• Data for this exercise
__________

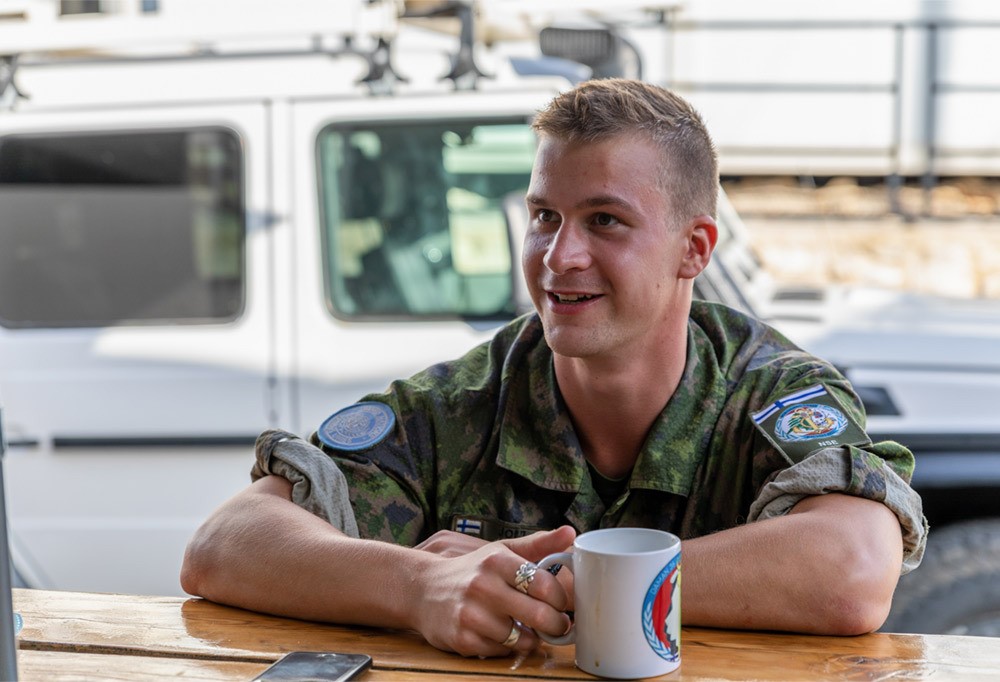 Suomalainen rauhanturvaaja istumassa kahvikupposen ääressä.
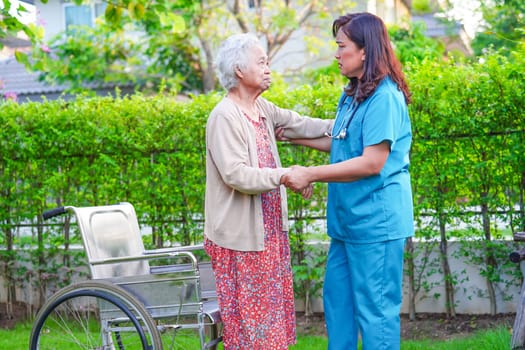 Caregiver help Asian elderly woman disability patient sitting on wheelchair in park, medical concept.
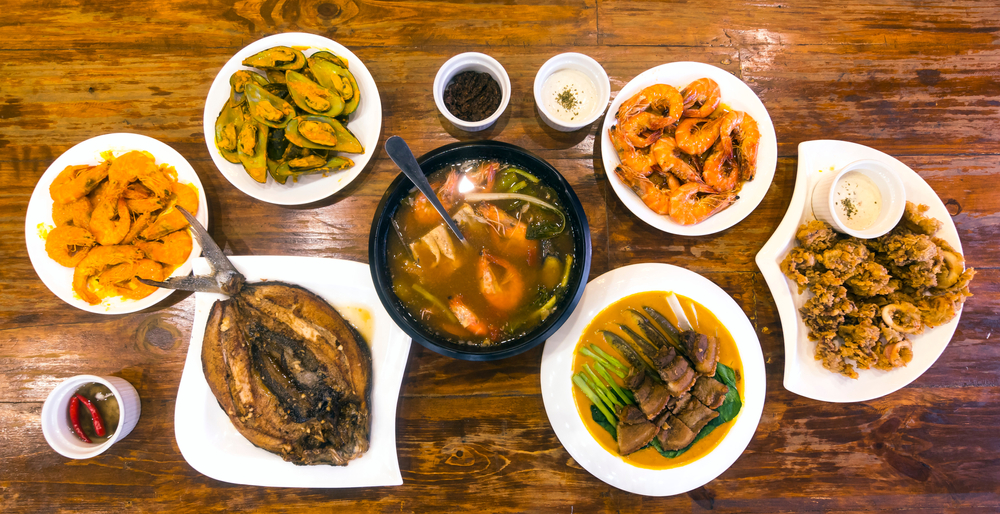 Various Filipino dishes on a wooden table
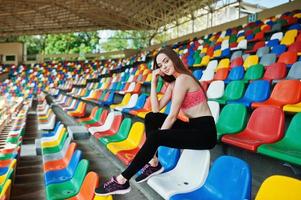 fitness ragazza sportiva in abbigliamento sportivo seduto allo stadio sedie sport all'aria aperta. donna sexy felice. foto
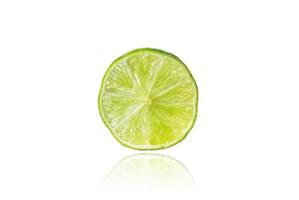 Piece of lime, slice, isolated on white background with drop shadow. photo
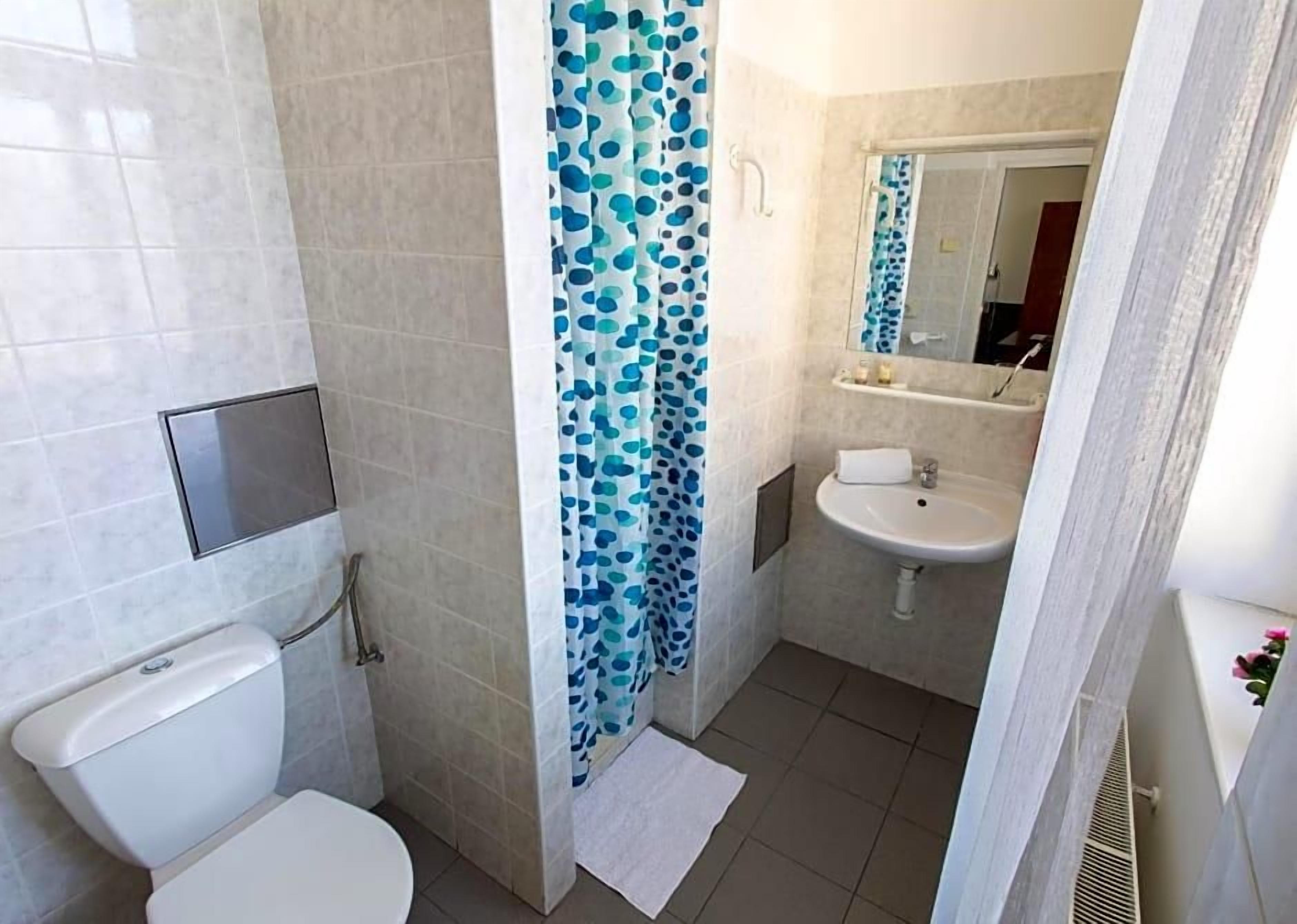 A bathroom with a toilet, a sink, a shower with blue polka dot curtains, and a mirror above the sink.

__________

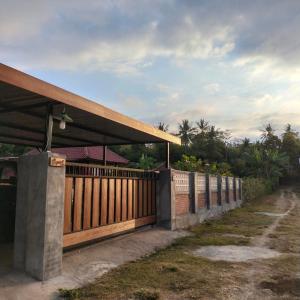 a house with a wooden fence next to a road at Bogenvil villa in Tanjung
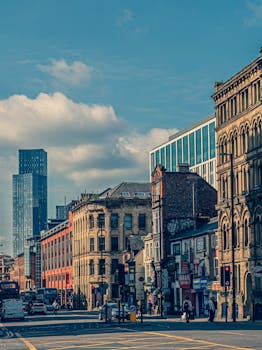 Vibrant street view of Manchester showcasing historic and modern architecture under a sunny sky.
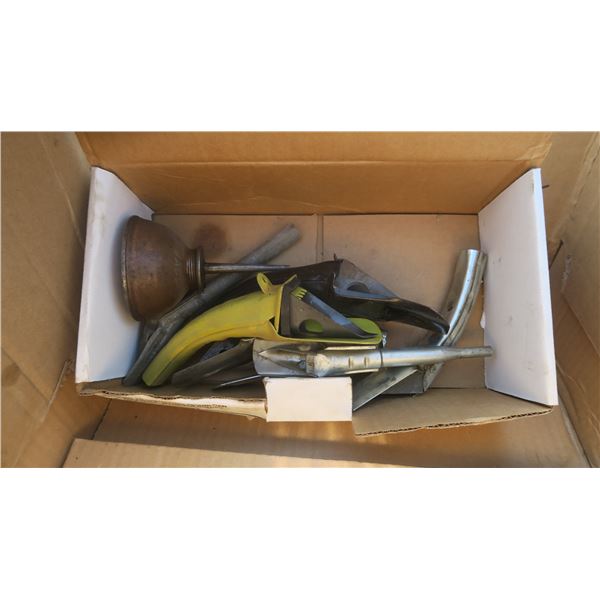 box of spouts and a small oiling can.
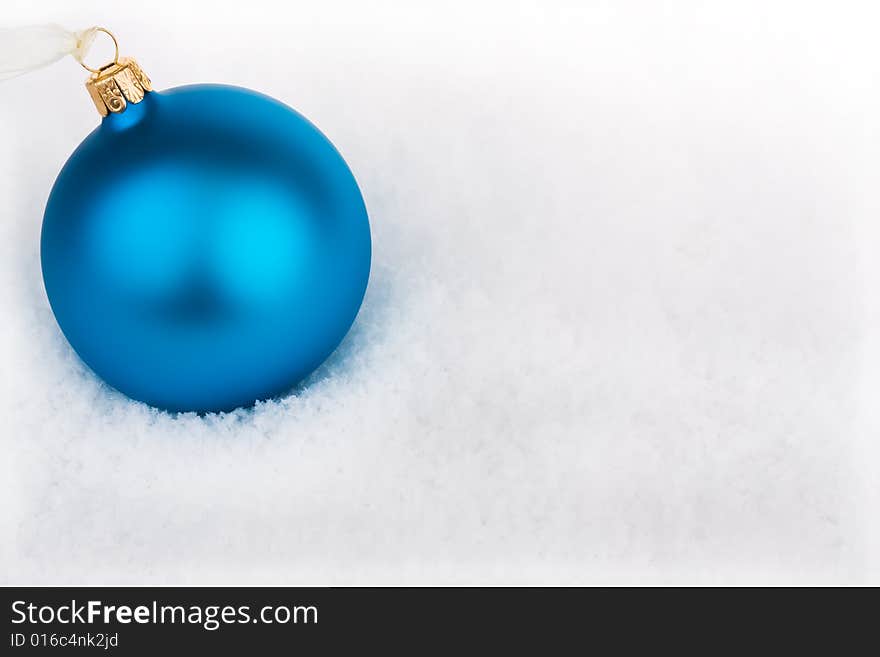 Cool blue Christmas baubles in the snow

__________

• Directions for this task
Take the material above from the line bearing "a house with" through the line bearing "Cool blue Christmas baubles in the snow" and write it out exactly, both end lines included. Pictures stay out.

• Task response
 a house with a wooden fence next to a road at Bogenvil villa in Tanjung
 Vibrant street view of Manchester showcasing historic and modern architecture under a sunny sky.
 box of spouts and a small oiling can.
 Cool blue Christmas baubles in the snow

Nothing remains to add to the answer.